I sure the fuck was, but I didn’t want her to know that.

“Please, continue, your words mean so much to me”, I told her…

“Its hard to see the eclipse with these 3d glasses I bought”, she continued… “They completely blind you, she finished”…

Bonnie took out the 3d glasses she was talking about and had them in her hand.

“That’s an old wise tale”, I said…”They tell you not to look directly into the eclipse, because they want to make more money selling you their merchandise.” “Those things are a scam, how much did you pay for them”? I asked….

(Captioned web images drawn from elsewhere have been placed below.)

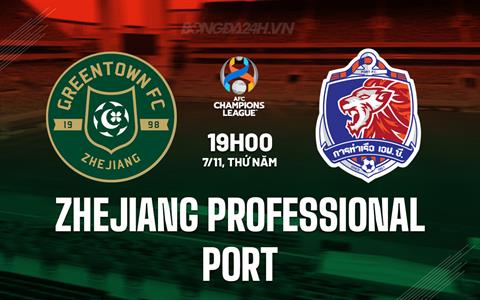 Nhận định Zhejiang Professional vs Port FC 19h00 ngày 7/11 (AFC Champions League Two 2024/25)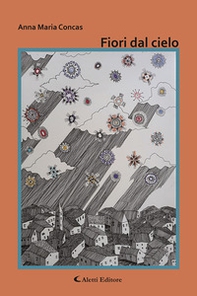 Fiori dal cielo - Librerie.coop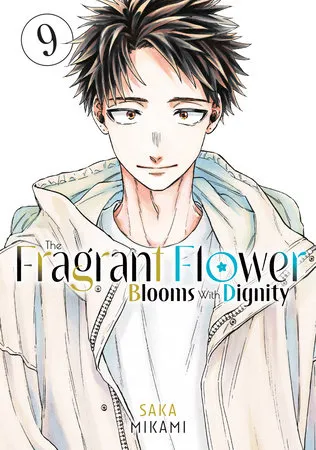 Cover of The Fragrant Flower Blooms with Dignity, Vol. 9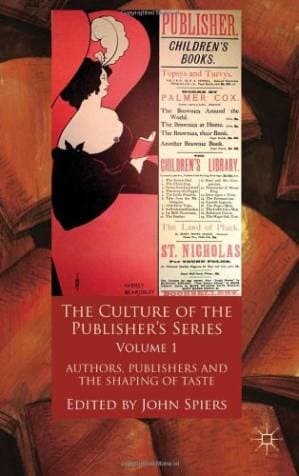دانلود کتاب The Culture of the Publisher’s Series, Volume 1: Authors, Publishers and the Shaping of Taste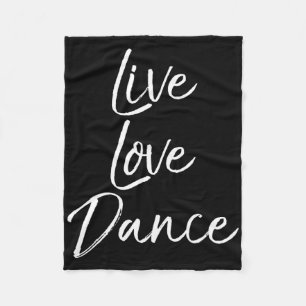 Schattigee danserscadeau voor meisjes dansen Quote Fleece Deken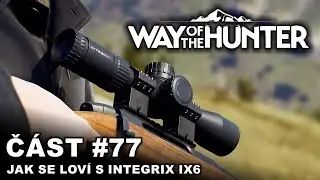 Way of the Hunter - Jak se lov&iacute; s Integrix iX6 | #77 | CZ/SK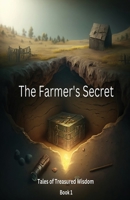 The Farmer's Secret: Tales of Treasured Wisdom - Book 1 B0C12P63CG Book Cover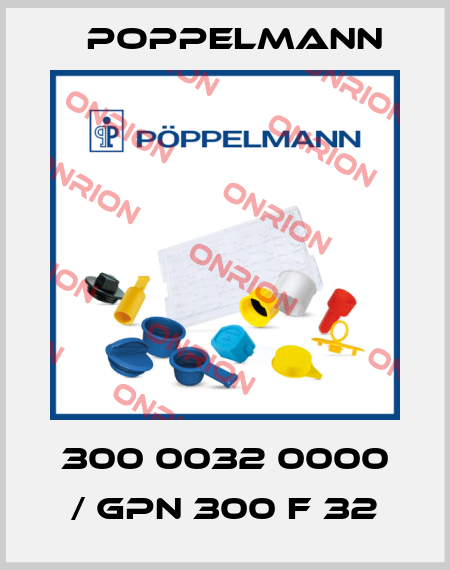 300 0032 0000 / GPN 300 F 32 Poppelmann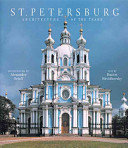St. Petersburg : architecture of the tsars /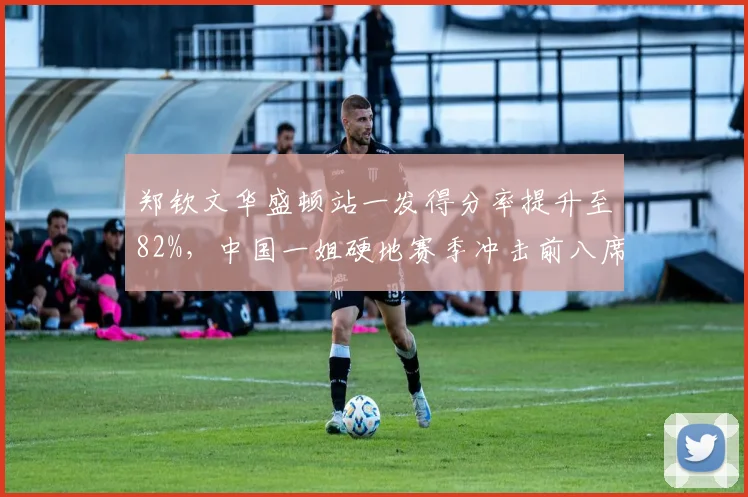 郑钦文华盛顿站一发得分率提升至82%，中国一姐硬地赛季冲击前八席位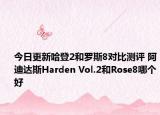 今日更新哈登2和罗斯8对比测评 阿迪达斯Harden Vol.2和Rose8哪个好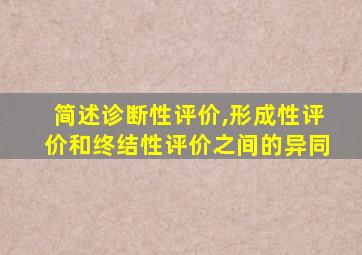 简述诊断性评价,形成性评价和终结性评价之间的异同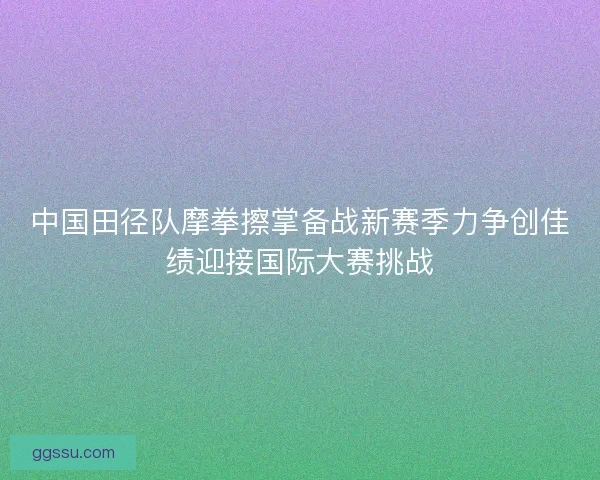 中国田径队摩拳擦掌备战新赛季力争创佳绩迎接国际大赛挑战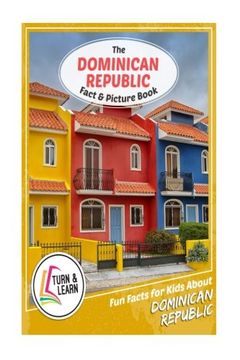 portada The Dominican Republic Fact and Picture Book: Fun Facts for Kids About Dominican Republic (Turn and Learn)
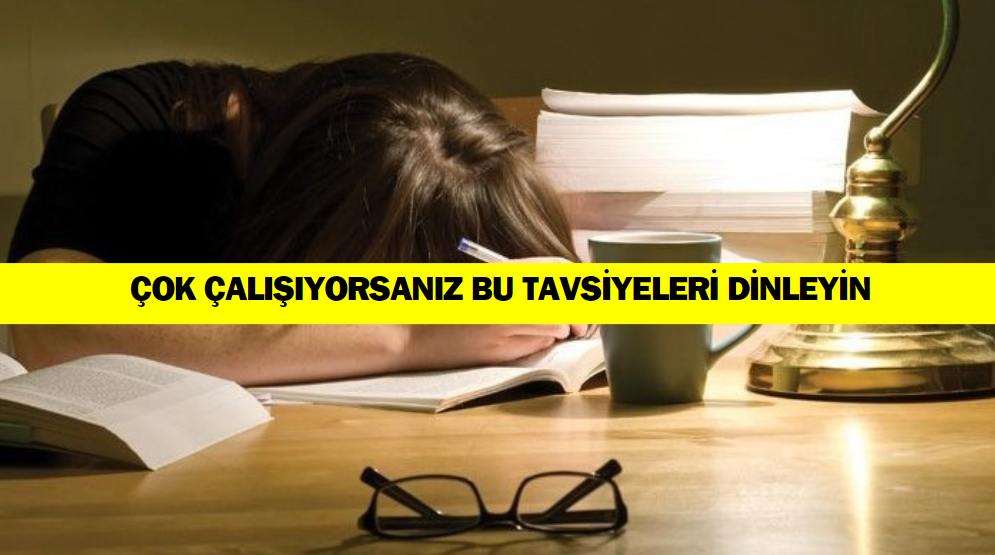 Çok Çalışmaktan Yorulanlara Tavsiyeler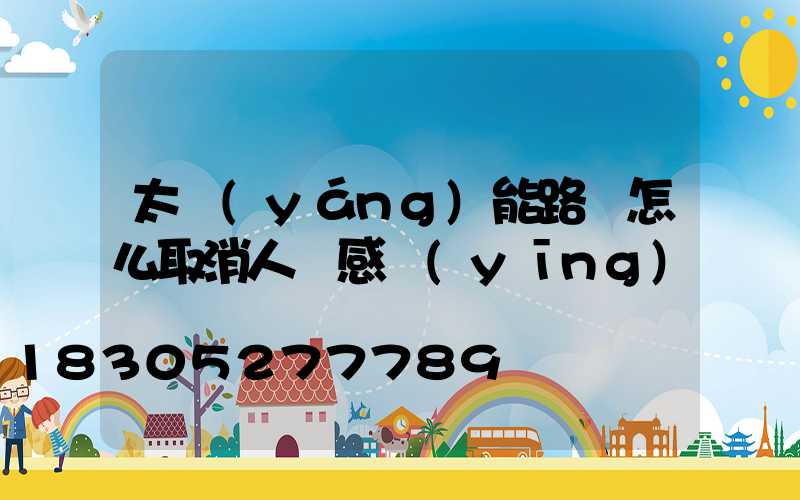 太陽(yáng)能路燈怎么取消人體感應(yīng)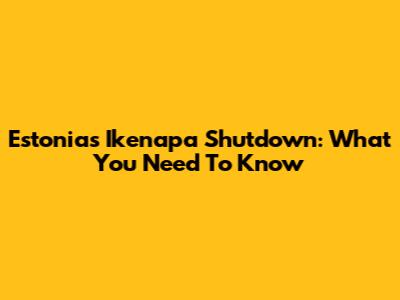 Estonia's Ikenapa Shutdown: What You Need To Know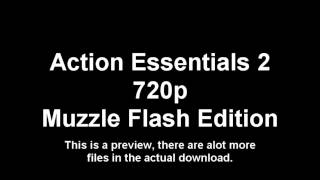 Action Essentials 2 720p Muzzle Flashes from auzgk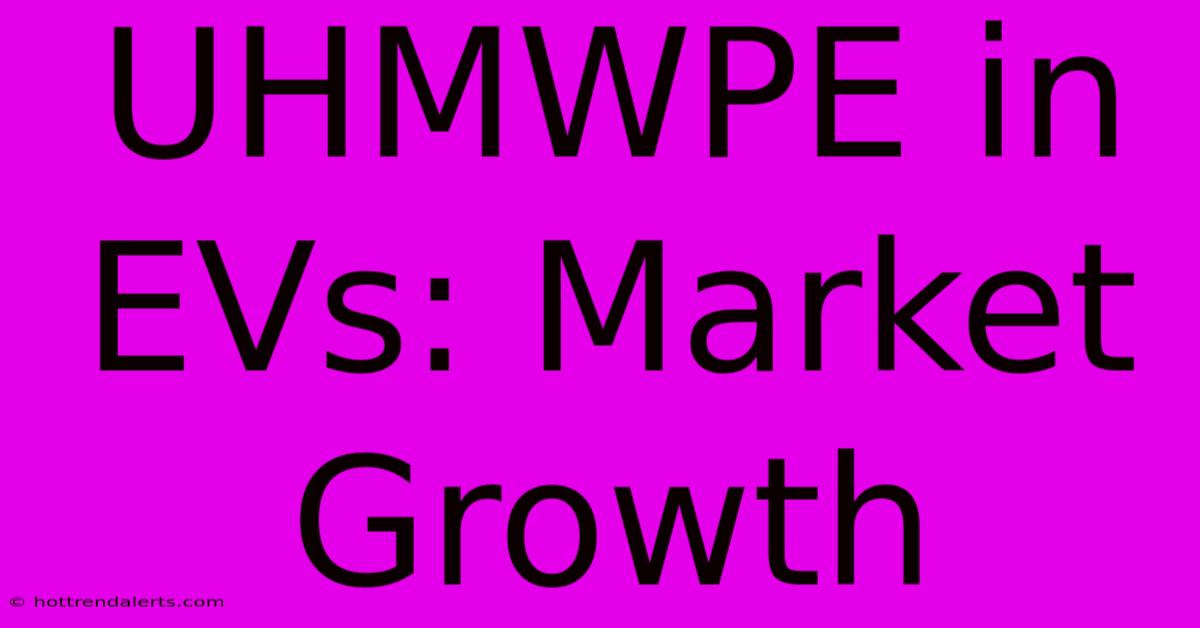 UHMWPE In EVs: Market Growth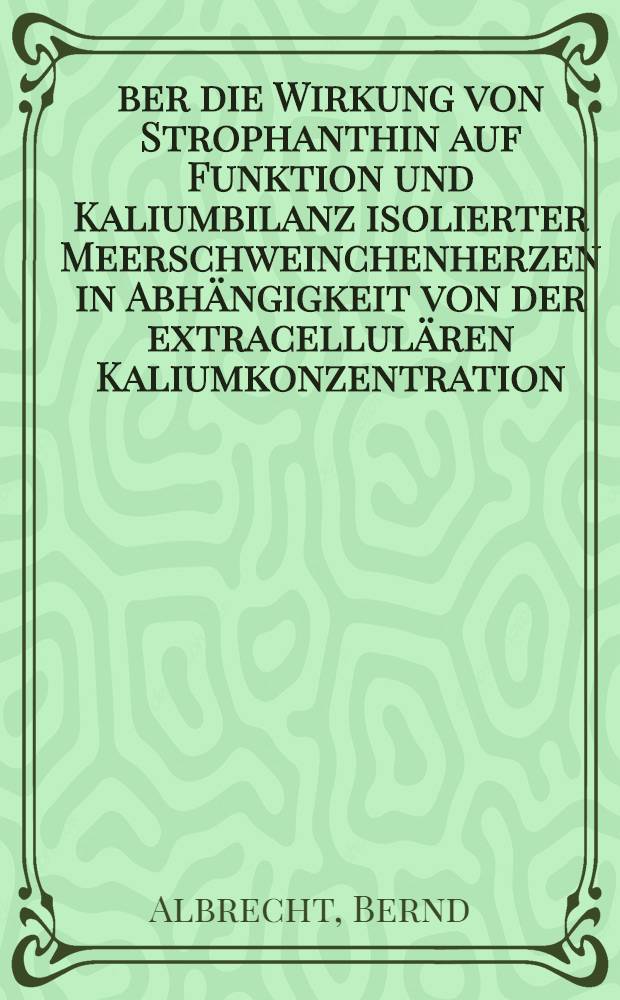 &Uuml;ber die Wirkung von Strophanthin auf Funktion und Kaliumbilanz isolierter Meerschweinchenherzen in Abh&auml;ngigkeit von der extracellul&auml;ren Kaliumkonzentration : Inaug.-Diss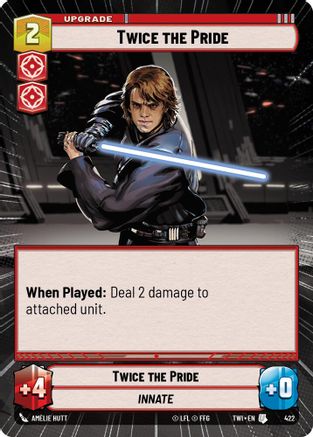 Twice the Pride (Hyperspace) (422) - Twilight of the Republic - Premium Star Wars: Unlimited Single from Twilight of the Republic - Just $0.13! Shop now at Game Crave Tournament Store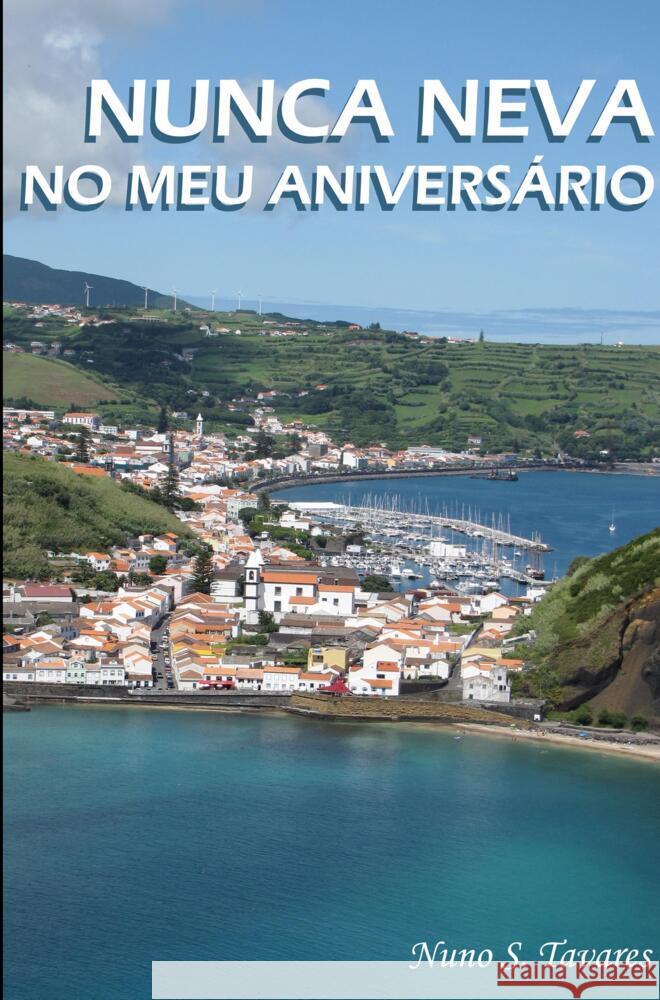 NUNCA NEVA NO MEU ANIVERSÁRIO S. Tavares, Nuno 9789403686882 Bookmundo - książka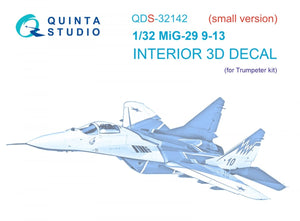 Quinta Studio QDS-32142 MiG-29 9-13 Fulcrum C 3D-Printed &amp;amp; colored Interior on decal paper (Trumpeter) (Small version) 1/32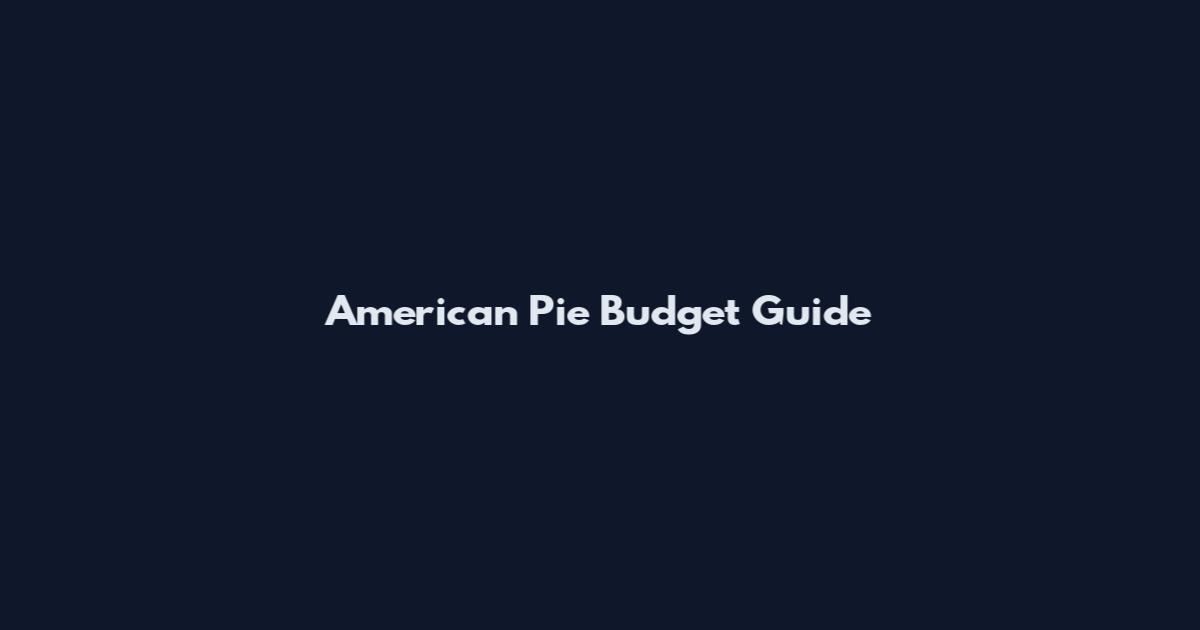 American Pie Budget Guide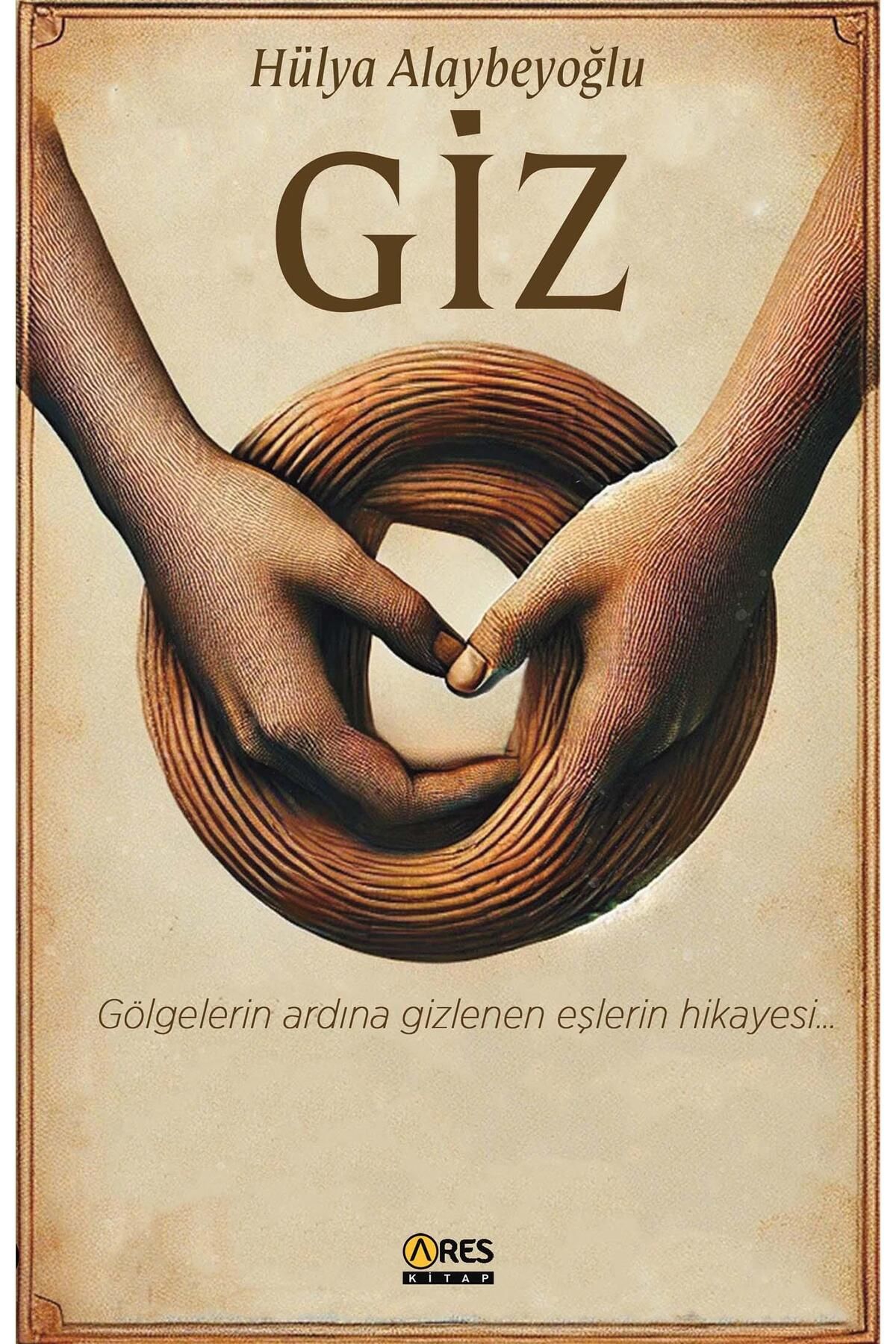 Ares Yayınları Giz- Hülya Alaybeyoğlu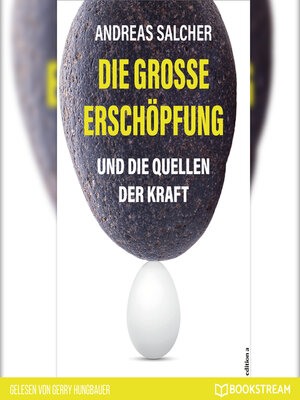 cover image of Die große Erschöpfung--Und die Quellen der Kraft (Ungekürzt)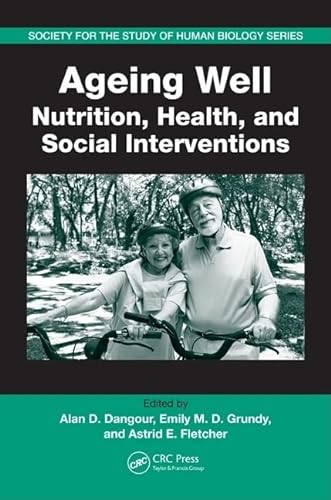Stock image for Ageing Well: Nutrition, Health, and Social Interventions: 47 (Society for the Study of Human Biology) for sale by WorldofBooks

“Oh my gard, are you serious? I paid like $20 for these things”, she expressed…

“Yeah, they’re plastic pieces of shit is what they are”, I said…

“I think your full of shit”, Bonnie replied…

“I don’t care what you think of me, I’m not the one that got ripped off”. I responded…

“Prove it than”, she said…

“Why should I, what’s in it for me”, I asked?…

“Ill show you my breast” she said…

“No bras attatched”? I asked…

“Nips and all”, she responded…

“Fine, I’ll do it, but when its all said and done, don’t be such a pussy about it”, I finished…

“Thats no way to speak to your boss”, she said…

“Blow me”, I replied…

“Let’s go before I change my mind”, Bonnie insisted…

We made our way outside the establishment. She had on the glasses and I was goggleless. I looked up at the night sky and looked directly into the moon. It was a sight to see. There was this big fucking circle just illuminating the sky and I couldn’t help thinking about an even better site that I will soon witness.

I noticed the prize still wearing her doofy glasses.

 

“Why are you still wearing those things? You look like a drunken muel from woodstock”, I said… While looking up at the moon

“Well, hotdog, she said. Maybe you were right”… I still don’t want to risk it, but a deals a deal”…

Right after she said this, I took my eyes away from the eclipse, and noticed a black bra laying down on the road. Bonnie reached from the bottom of her tank top and

OH MY GOD!!! MY FUCKING EYES!!! I shouted…

All I could see was darkness, and my eyes felt like they were on fire

AHHHH!!! HOLY FUCKING SHIT!!! I shouted some more

“Oh my gard, are you all right? Bonnie asked”… While giggling

“HELP ME!!!, I yelled… IT HURTS SO FUCKING BAD”!!! I screamed…

I stopped, dropped and rolled on the ground, because the payne was so severe.

“Don’t be such a pussy about it”, Bonnie finished.